Der Verf. hat folgende Gruppierung seiner Darstellung gewählt: Einleitung, Voraussetzung landesherrlicher Gewerbepolitik, Durchsetzung obrigkeitlicher Aufsichtsbefugnisse gegenüber den Zünften, Regulierung der Märkte, Lockerung der Bedingungen für den Zugang zum zünftigen Handwerk, Ansiedlung fehlender Handwerker, Zulassung außerzünftiger Konkurrenten. Diese Themenkomplexe sind nach dem Grad der Konfliktträchtigkeit zwischen Regierung und Handwerkern gereiht, was insofern auch eine Chronologie bedeutet, da die Konflikte erst nach und nach ernsthafter im Laufe der Regierungszeit Herzog Augusts werden.

Im ganzen kann der Verf. mit einer diffizilen Beweisführung darlegen, dass der Herzog und seine Regierung den Grundsatz befolgten, die Ordnung nach den Kriegswirren in einer Art taktischer Allianz in Kooperation mit den Gilden wiederherzustellen, ohne dass natürlich irgendwelche Absprachen über Grundsätze erfolgten. Wohl aber ist die Wiederbegründung und Neugründung von Gilden, besonders im Falle von "Landesgilden", möglichst in gegenseitigem Einvernehmen geschehen. Die Gilden wurden von der Regierungsseite als Stabilisierungsfaktoren bewusst - wie die Analyse des Verf. ergibt - eingesetzt bzw. sogar instrumentalisiert. Zweifelsohne entspricht dieser indirekte Lenkungsstil in Verbindung mit fallweise durchexerzierten begrenzten Konflikten der Mentalität Herzog August d. J. Fürst und Regierung gingen gegenüber den Gilden in den Einzelkonflikten öfter Kompromisse ein, weil sie nicht frontal gegen gewisse Fixierungen im Bewusstsein der Handwerker vorgehen wollten.

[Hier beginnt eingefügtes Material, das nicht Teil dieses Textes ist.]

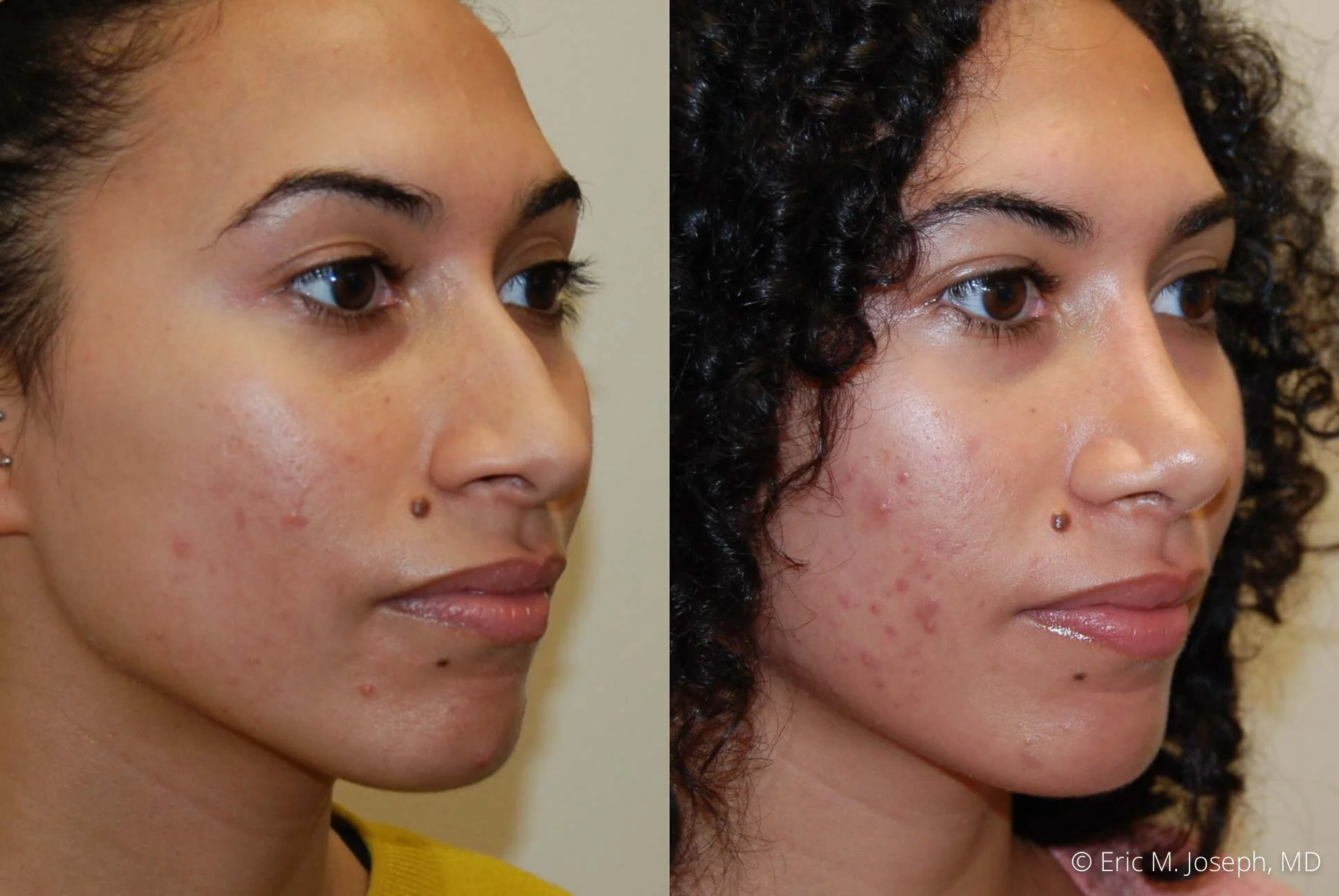 Rhinoplasty-nj-0374.jpg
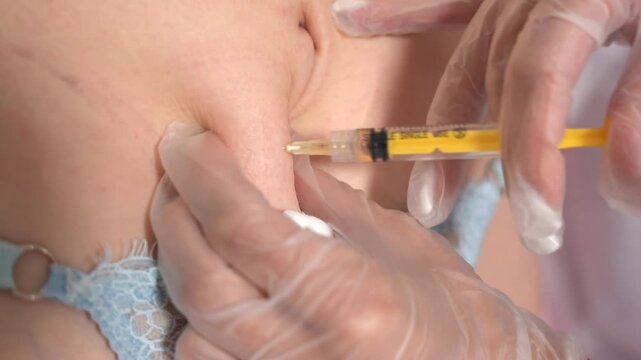 Vertical shot of lipolytics injection under the skin with a needle. close-up injections in the stomach. weight loss procedure. anti-aging procedures. doctor's hands in gloves. beauty.cosmetology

Es wird aber auch deutlich durch die sorgsame Auswertung der Akten, dass die sogenannten Handwerkermissbräuche und die Vorbehalte gegen nichtehelich Geborene und gegen die Herkunft aus Familien "nichtehrlicher" Berufe von Anfang an regierungsseitig nicht akzeptiert wurden. Hier, beim Umgang mit dem Lebens- und Berufsschicksal, spielte eine Art praktischer Vernunft eine Rolle, so dass die Regierung eine moralische Position ausspielen konnte. Beim Problem der außerzünftigen Konkurrenten setzte der Fürst mit einigem Erfolg bei Personengruppen an, die ihm als Herrscher und durch den Hof besonders nahestanden, nämlich den Hofhandwerkern, den Soldatenhandwerkern, den Schutzjuden und den auf Stifts- und Amtsfreiheiten ansässigen Handwerkern. Die Obrigkeit hat aber nur in ihr günstig erscheinenden Einzelfällen und mit unterschiedlichen aus der Situation sich ergebenden Begründungen die Abwehrhaltung der Handwerker unterminiert. Dadurch ergibt sich, wie die vorliegende Arbeit sichtbar macht, scheinbar eine Art "Flickenteppich" in den Entscheidungen bzw. in der Lösung von Konfliktfällen.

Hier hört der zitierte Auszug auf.